Wednesday, April 12, 2017

COAL AND A BIT OF COLONIALISM



The decision by the state and central governments to expand the coal handling capacity of the Mormugao port is cause for alarm. From very real and obvious dangers of environment and health to the equally real threat to the livelihoods of traditional fishermen, the government seems least bothered about the citizens. On the contrary they are making haste to promote the interests of the big corporations. Indeed, plans to build the National Highway 17-B and the dredging of the Mormugao port are geared to facilitate the transport of large volumes of coal to industries in neighboring Karnataka.

According to news reports, the plans to dredge the port and build a new highway will benefit Indian companies like Adani, JSW, and Vedanta. Nihar Gokhale, a journalist who reports on environmental and policy issues, wrote some time back that clearances for the Mormugao expansion flagrantly violated rules and due procedure. If the plans materialize as per the wishes of the corporations and the government, Mormugao’s coal handling will rise to 26 million tonnes per annum from the current five million tonnes; the port town of Vasco and surrounding areas, therefore, are poised to choke on coal dust.

That the government is riding roughshod over the lives and livelihoods of the people is not surprising. In Goa, we have the instance of the Investment Promotion Board that circumvents all checks and balances to bring in the ‘mega-project development’. Case in point was the sale of a village in Tiracol to construct a golf course for the rich, while the villagers engaged in traditional occupations were manhandled to vacate the land. Through the partnership of corporations and government we see a process of ‘colonization’ wherein local resources are senselessly extracted or destroyed while the local people either get peanuts in return or nothing at all.

Thinking of large-scale processes of development as ‘process of colonialism’ – wherein shifts in political power does not necessarily alter oppressive relations – allows us to see that the nation-state of today operates in similar ways as the colonial-state of the past. As many scholars have pointed out, the neo-liberal development shares a link with past colonialism and imperialism in places likes Asia and Africa in the manner in which it extracts resources and mounts wars against indigenous peoples.There is, however, a difference between the neo-liberal development of today and the colonial development of the past, chiefly in terms of the volume of resources extracted or exploited. Activists and lay citizens need to consider this history in order to mount strong resistance against the destructions of lives and livelihoods.

Mormugao port provides us an excellent opportunity to reflect on such processes and their long history. The port, in fact, can be considered to be at the centre of colonial and neo-liberal development. There is the curious case of British India investing in the construction of the West of India Portuguese Guaranteed Railway (WIP) that had linked Mormugao to the Southern Mahratta Railway (SMR) at Londa, via Castle Rock towards the end of the nineteenth century. Looking for a cheaper and convenient point for exporting the products from the hinterlands of British India, the British Raj entered into a treaty – the Anglo-Portuguese Treaty of 1878 – with Portuguese India. The cost of building the railway line, in true colonial fashion, was borne by the Goan exchequer.

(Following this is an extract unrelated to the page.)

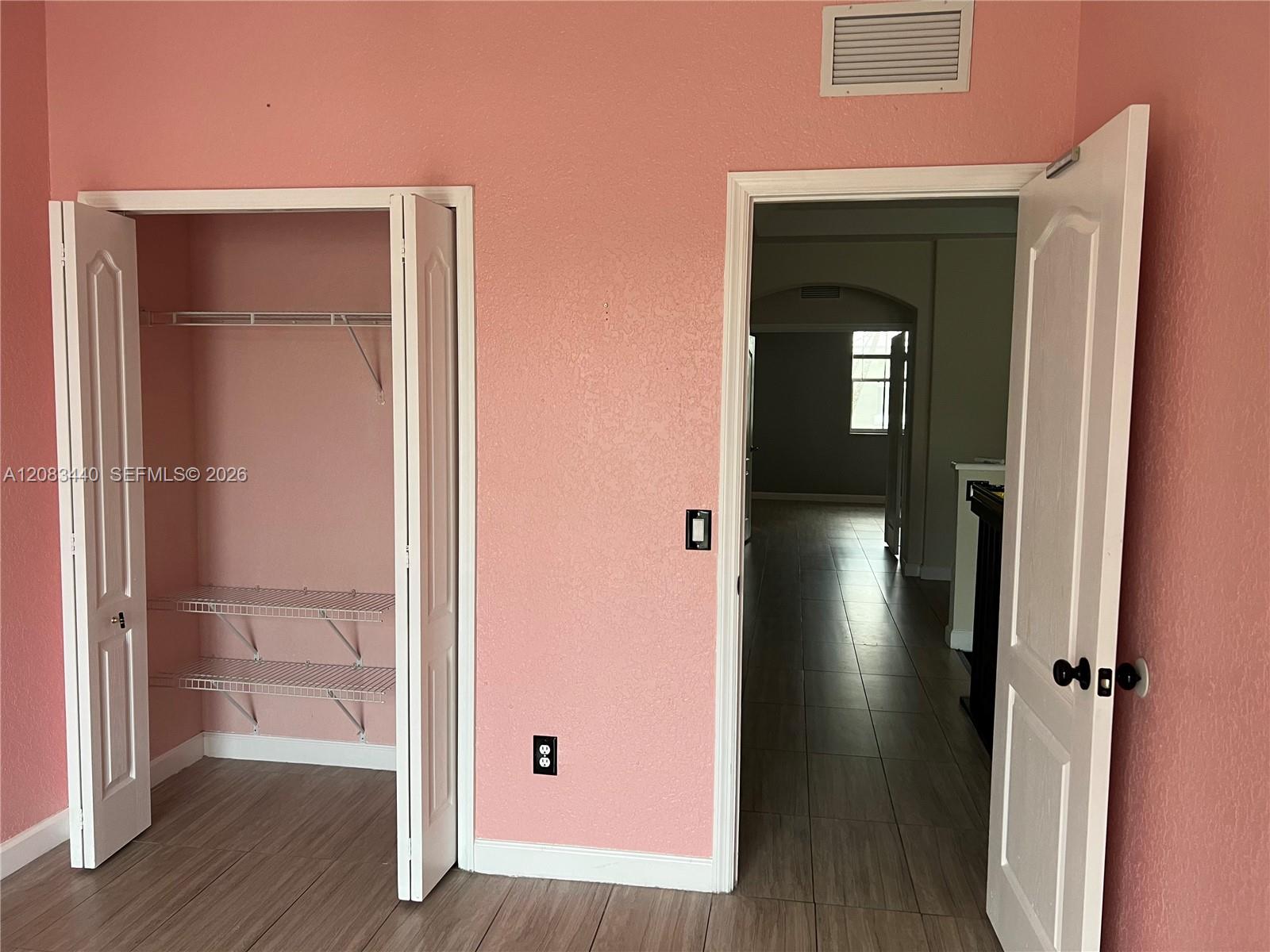 2313 Shoma Ln # 2313 — Photo 5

The Portuguese were looking for investments that would revitalize the weakened economic situation, create jobs, and boost the almost non-existent industry in Goa. The Portuguese government hoped that collaboration with the economically and politically powerful British empire would modernize Portuguese India. That it did not work was due to many factors and there is no space here to elaborate why these plans failed. However, what needs to be highlighted is that many in Goa at that time felt that the Portuguese had effectively given the control of the economy into British hands. The British too wanted political and economic control over Portuguese India. They did achieve this goal to a certain extent with the control of the port and railways, and taxes on the production of salt, amongst other things.

In a sense, the developmental politics around Mormugao port in contemporary times follows this old pattern; of massive investments coming with a promise of jobs and growth of the economy. It also necessitates the investment of public money without substantial returns to the same public. Whereas in the past the flow of goods was from the hinterlands of India to other places of the world, in the present times the government-corporate nexus wants to use Mormugao as a importing and exporting node for goods (like coal and iron ore) to feed the industries in various parts of the country and abroad. The case is curious not just because of the reverse flow of goods, but also because Indian companies are extracting natural resources like coal from distant Australia (and also in places like Mozambique in Africa) and transporting it in India. Many in Australia, including indigenous leaders, and cricketers like Ian and Greg Chappell, have supported campaigns against Indian companies like Adani to halt coal extraction. These Australian activists have argued that the  proposed mine in Carmichael, Australia – said to be the largest in the world which can produce 60 million tonnes of coal every year for the next 60 years – would threaten not just  the indigenous communities there but also the eco-sensitive Great Barrier Reef.

From facts available on the ground, this present neo-liberal expansion – following roughly patterns of past colonial interventions in the economy and politics – appears eventually to benefit only giant corporations. Colonial relations thrive amidst us, destroying the environment and the lives of people. And it is not just the white men who are propagating such exploitative business practices.